> **AIM OF THE EXERCISE**: Any image in the records should be left out; output everything else exactly.

> **RECORD SET**:
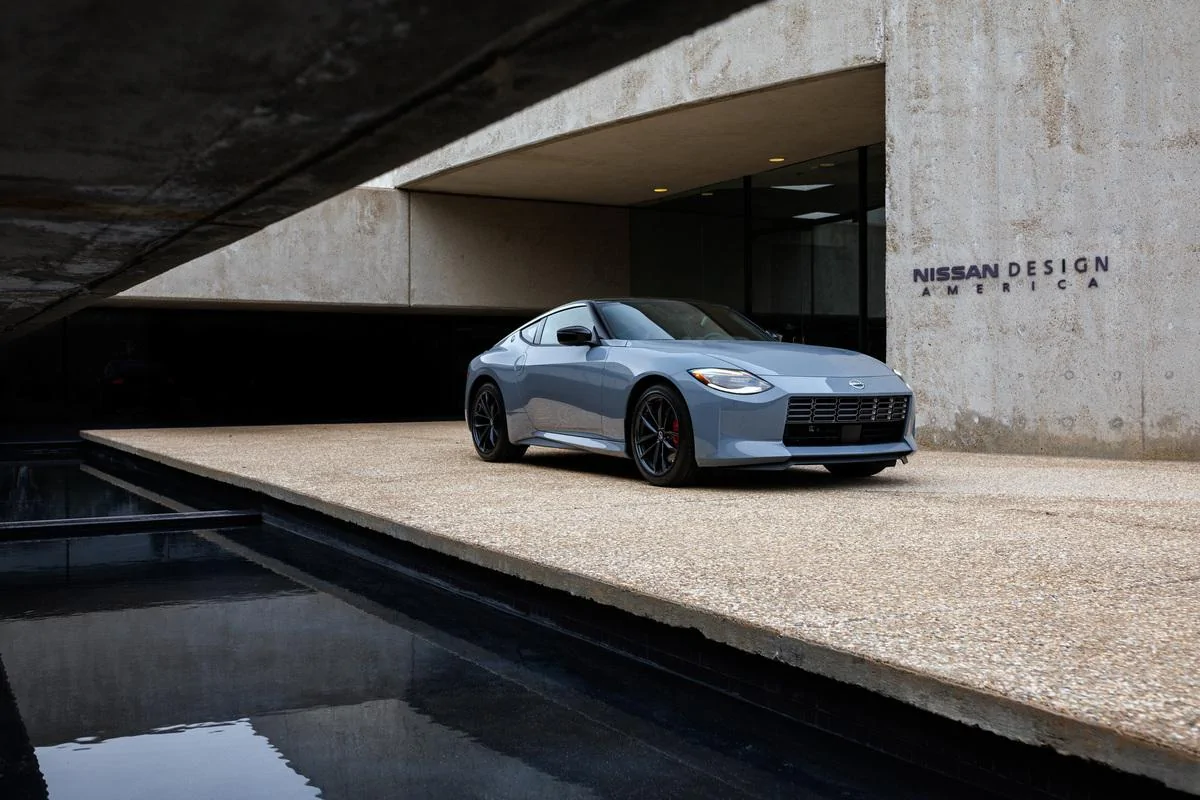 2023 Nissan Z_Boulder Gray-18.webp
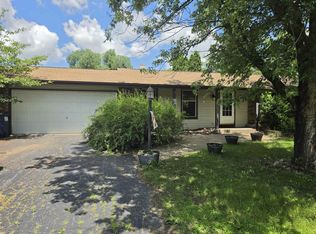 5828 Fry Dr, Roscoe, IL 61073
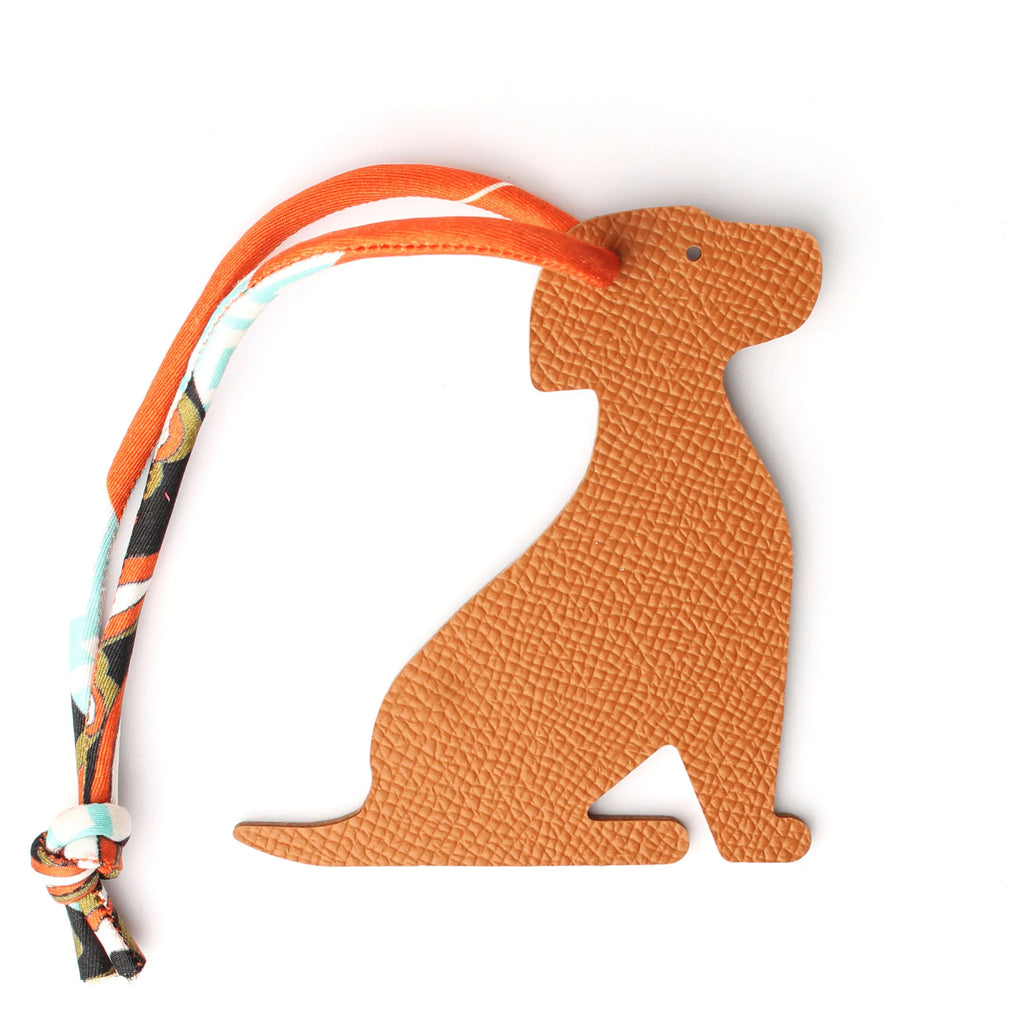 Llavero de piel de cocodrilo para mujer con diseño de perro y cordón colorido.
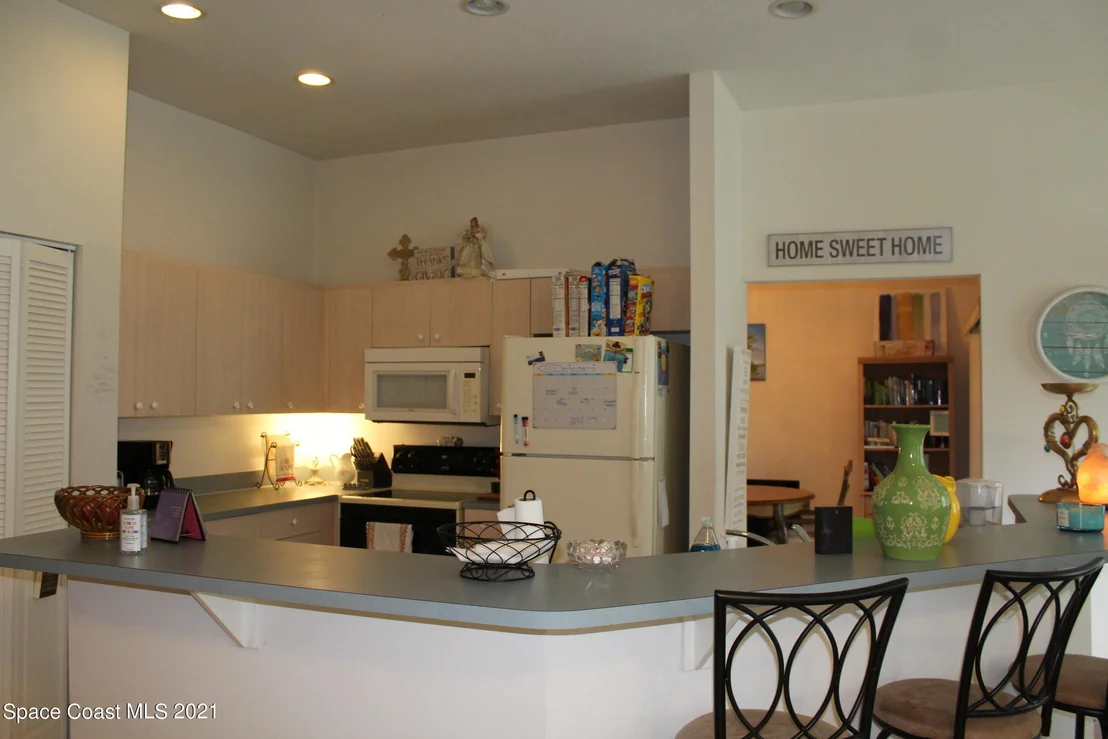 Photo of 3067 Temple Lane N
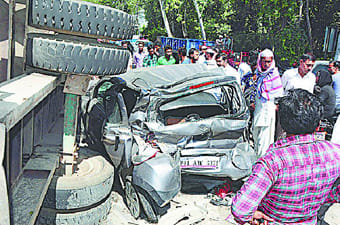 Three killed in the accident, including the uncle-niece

> **RESULT OF THIS EXERCISE**:
 2023 Nissan Z_Boulder Gray-18.webp
 5828 Fry Dr, Roscoe, IL 61073
 Llavero de piel de cocodrilo para mujer con diseño de perro y cordón colorido.
 Photo of 3067 Temple Lane N
 Three killed in the accident, including the uncle-niece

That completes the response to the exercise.